__Supplied data__
******

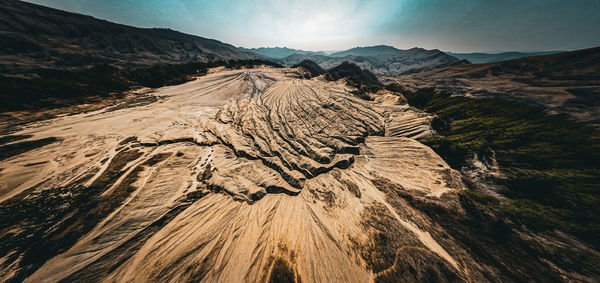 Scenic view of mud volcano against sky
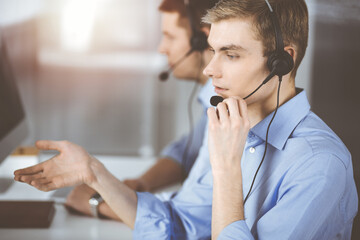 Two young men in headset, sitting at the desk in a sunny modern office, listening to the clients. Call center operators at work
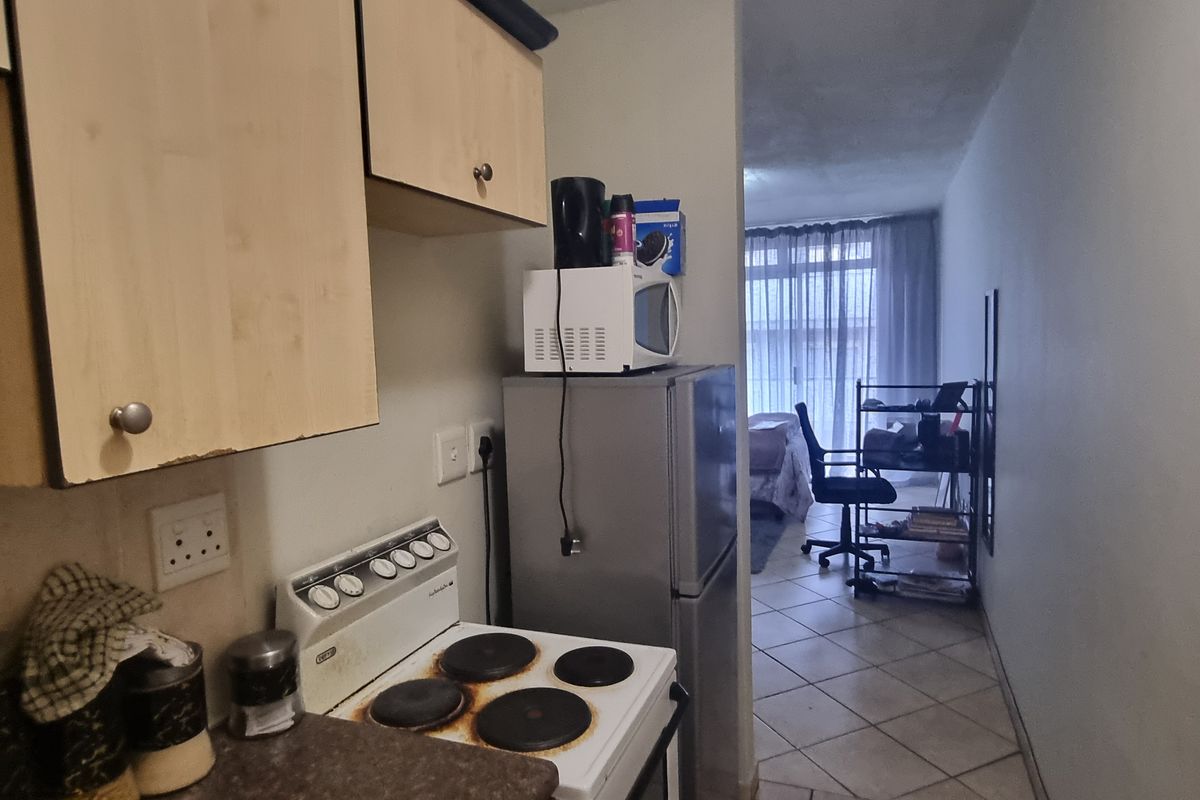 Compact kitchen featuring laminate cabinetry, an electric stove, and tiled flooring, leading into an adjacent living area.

******

__Work required__
Retype the whole listing above exactly as written. Skip the pictures.

__Problem solution__
 Scenic view of mud volcano against sky
 Two young men in headset, sitting at the desk in a sunny modern office, listening to the clients. Call center operators at work
 Compact kitchen featuring laminate cabinetry, an electric stove, and tiled flooring, leading into an adjacent living area.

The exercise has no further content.